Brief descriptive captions
────────

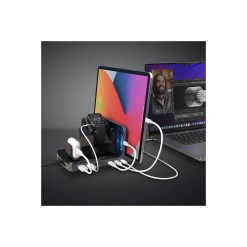 Lindy 73436 charging station organizer Freestanding Aluminium, Plastic Black, Grey - image 4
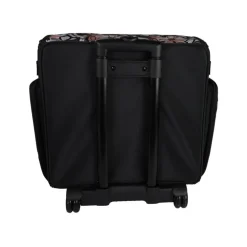 Everything Mary Brown Floral Deluxe Collapsible Rolling Craft Bag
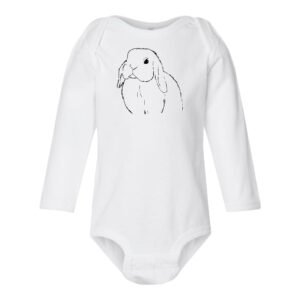 Long Sleeve Bodysuit <br>Classic Line Art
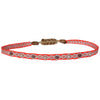 HANDWOVEN BRACELET WITH SILVER AND CHOCOLATE MOONSTONE DETAILS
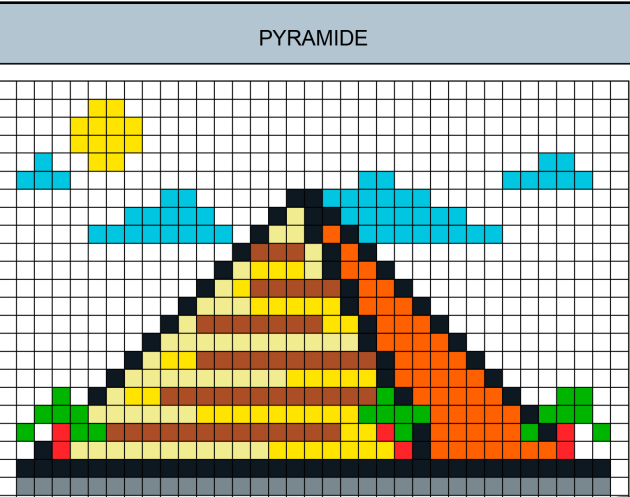 Pyramide pixel art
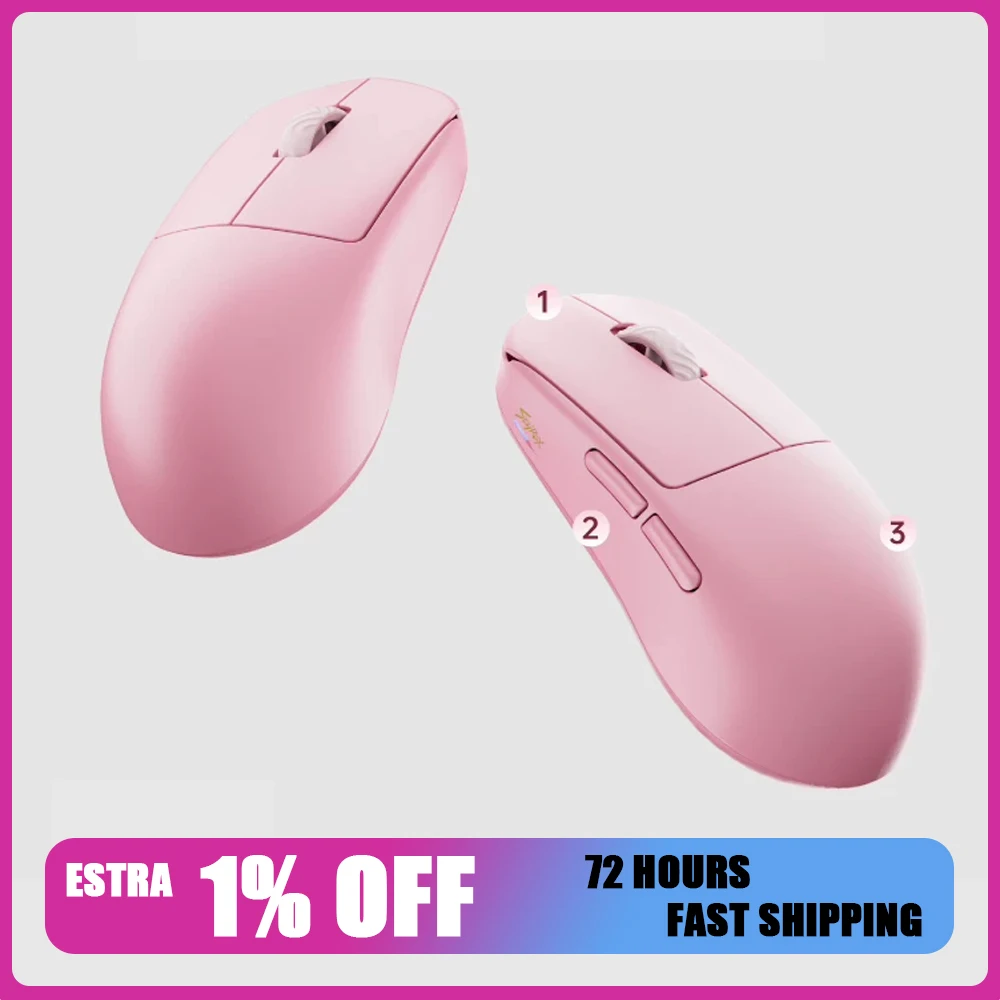 SCYROX V8/V8S Mouse Dual Mode Wireless Mouse 8000Hz Polling Rate,Paw Next 1,Nordic 54 Lightweight Gaming Mice PC Accessories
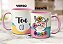 Caneca Divertida Lhama Fofinha Com Flores Teu Cú - Imagem 2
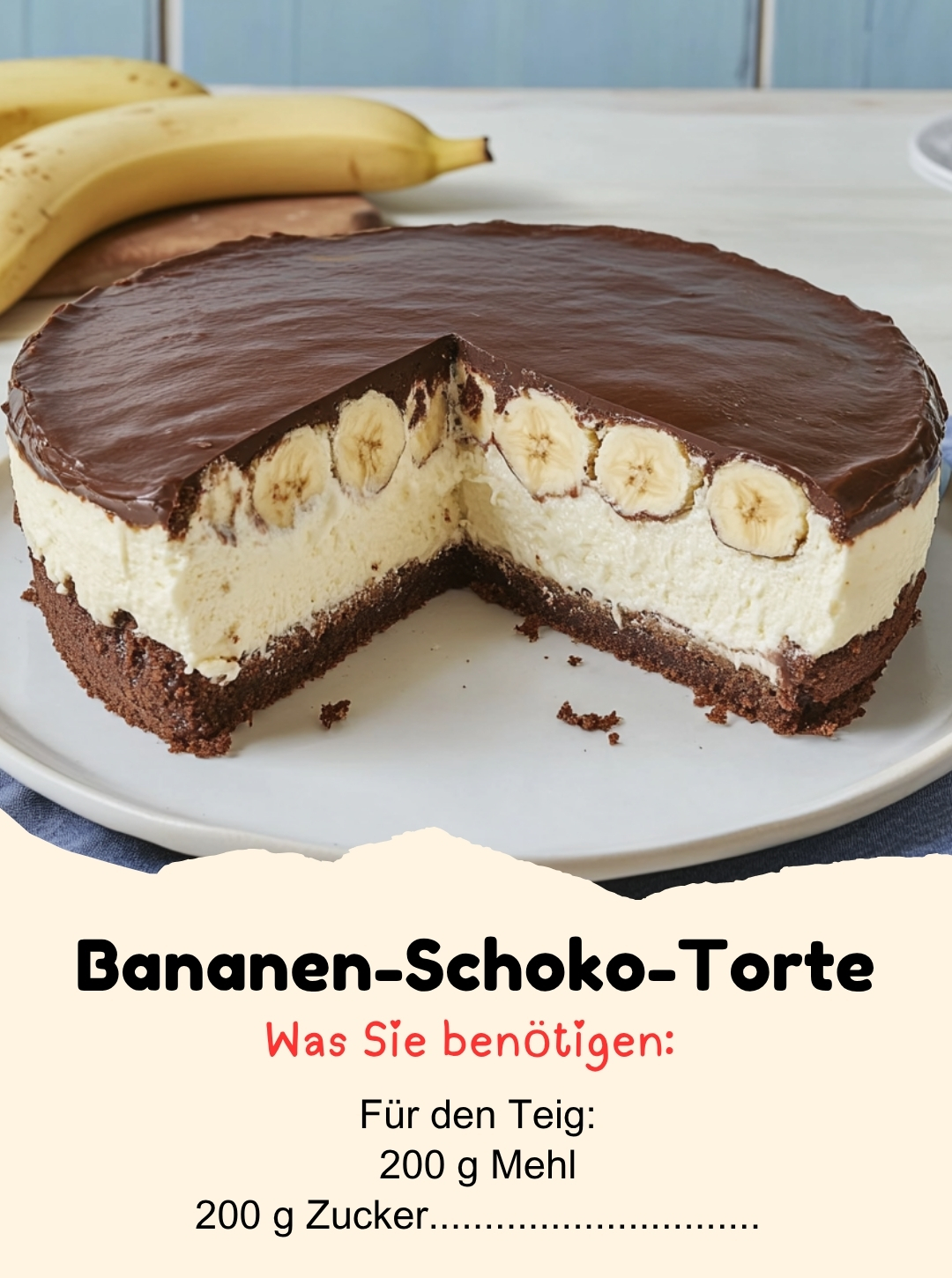 Bananen-Schoko-Torte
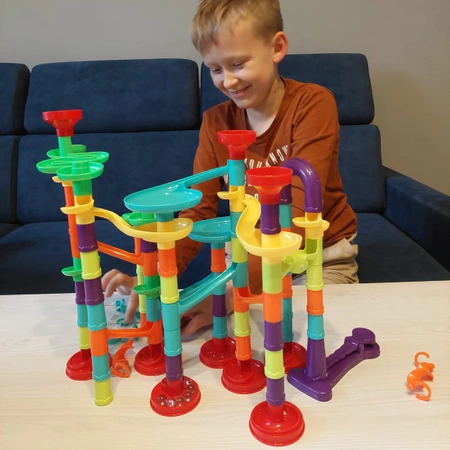 Tor Kulkowy Kulodrom Zestaw Kulki 30 Kulek 113 el Duży Labirynt Zjeżdżalnia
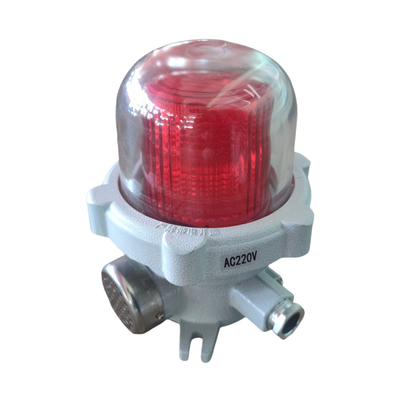 Avertissement à l'épreuve de l'explosion sonore et visuel Feux d'alarme de qualité industrielle ATEX pour les lieux dangereux 120-180DB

────────

--- Directions for this task ---
The images in the entries above should be left out; please reproduce exactly the lines from the first through the one containing "Pyramide pixel art".

--- Answer to the problem ---
 Lindy 73436 charging station organizer Freestanding Aluminium, Plastic Black, Grey - image 4
 Everything Mary Brown Floral Deluxe Collapsible Rolling Craft Bag
 Long Sleeve Bodysuit <br>Classic Line Art
 HANDWOVEN BRACELET WITH SILVER AND CHOCOLATE MOONSTONE DETAILS
 Pyramide pixel art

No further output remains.